Now to freeze some slices; I don’t think it would keep fresh for long so you need to either eat it (which means sharing it!), or freeze it. I’ve found the plain focaccia freezes very well, so I’m sure this will too.

Not quite an Italian Easter bread but close enough. So Buona Pasqua! to you all.

Posted by

A lifelong lover of good food and travel; writer and book editor

17 thoughts on “Sweet Focaccia

    1. Semola is fine semolina, made from durum wheat, and double milled ‘rimacinata’ to make it suitable for baking. Found in southern Italy a lot where they don’t use eggs in pasta but the semola/durum wheat is a harder pasta with more protein so more nutritious. Part of ‘cucina povera’ cooking.

  1. That looks wonderful. Did you mean semola? I’ve never seen that word. I might be the only person not baking or creating sourdough starter. I don’t know what that means. Hopefully I’m less bored?!! Are you sure you’re full English?!! I so remember stacks and stacks of toast at breakfast tables when we ate in restaurants all over the UK! They weren’t even hot enough to put on butter. Plus, I’m picky about my butter! I’d much rather have a croissant or brioche…

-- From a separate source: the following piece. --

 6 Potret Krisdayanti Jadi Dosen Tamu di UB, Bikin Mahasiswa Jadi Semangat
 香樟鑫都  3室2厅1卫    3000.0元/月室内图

    1. Thank you! And yes I did mean semola. If you scroll down to my answer to ‘marymtf’ you’ll be able to read my explanation. It’s incredible how many people have started baking here and almost impossible to buy bread flour, so I’m really grateful to be able to get this from my Italian deli. And focaccia is so easy to make! I’m not into spending hours making bread; not my thing but I do like bread a lot. I’m very English (although my great grandmother was Irish). I ate Full English Breakfast sometimes when much younger but now don’t enjoy cooked breakfast at all. And I’ll always choose a croissant or brioche over toast!!

      1. It is isn’t it. I’m learning too. I’ve been buying durum wheat pasta like orecchiette for ages but didn’t bother to find out exactly what it was!

  2. Just what I’ve been looking for… something not too sweet for the coffee and this is simply perfect and so delicious. It didn’t last long! Thank you for sharing such a delicious recipe.